Large choroidal melanomas may show a patchy pattern of early hypofluorescence and hyperfluorescence followed by late intense staining.

Simultaneous fluorescence of the retinal and choroidal circulation in the tumor is fairly suggestive for choroidal melanomas.

Imaging studies(5):

Chest X-ray to rule out possible lung metastases.

Computed tomographic scanning of the globe and orbit is useful for visualizing extraocular extension and can differentiate a choroidal or retinal detachment from a solid tumor mass.

Magnetic resonance imaging of the globe and orbit can be used to determine the extrascleral extension of melanoma and to differentiate the fluid around the tumor.

3. Peculiarities of evolution

According to Grossniklauss et al.(6), in the 1970s it be­came apparent that a substantial number of people with uveal melanoma died due to metastases, mainly in the liver, after enucleation of the eye with melanoma. Da­ta from the Institute of Pathology of the Armed Forces showed that the mortality rate peak at about 2 to 3 years after enucleation(6). In 1978, Zimmerman et al.(7), from the Institute of Pathology of the Armed Forces, published these findings and hypothesized that the act of enucleation may have contributed to the release of tumor cells into the systemic circulation.

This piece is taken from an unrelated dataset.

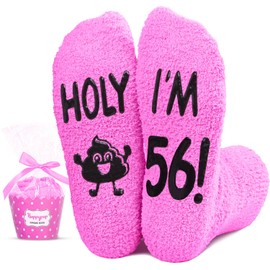HAPPYPOP 56th Birthday Gifts for Women - Socks for 56 Year Olds, Best Gifts for 56 Year Old Middle Aged Woman, Gift Ideas for 56 Year Olds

This observation of a maximum mortality rate 2-3 years after enucleation became known as the Zimmerman Effect, while the iatrogenic contribution to the systemic spread of melanoma was known as the Zimmerman Hypothesis(6). The Zimmerman Hypothesis led to the establishment of the National Eye Institute, sponsored by the Collaborative Ocular Melanoma Study (COMS)(8). COMS consisted of two randomized prospective clinical trials and a third observational study on small melanomas to determine their natural history(6). In the largest study for medium-sized uveal melanomas, patients were separated into those with enucleation and those with brachytherapy with radioactive plaque(6).

The third study for large uveal melanomas was to determine if external beam irradiation before enucleation provided a survival benefit compared to enucleation alone(6).

For medium-sized melanomas, the survival statistics were virtually identical for patients who were treated with plaque brachytherapy compared to patients treated with enucleation(9). For large melanomas, external beam radiation did not provide any survival benefit and in some cases the prognosis was worse(10).

In addition, COMS showed that there was a maximum incidence of mortality at approximately 3 years in plaque brachytherapy as well as in the case of enucleation(11). Although there was a maximum incidence of mortality at about 3 years after the treatment of uveal melanoma, there was no evidence that enucleation surgery pro­moted the spread of tumor cells(6). Thus, the Zimmerman Effect was supported and the Zimmerman Hypothesis was disproven(12). It should be noted that this effect has been observed in other malignancies(6).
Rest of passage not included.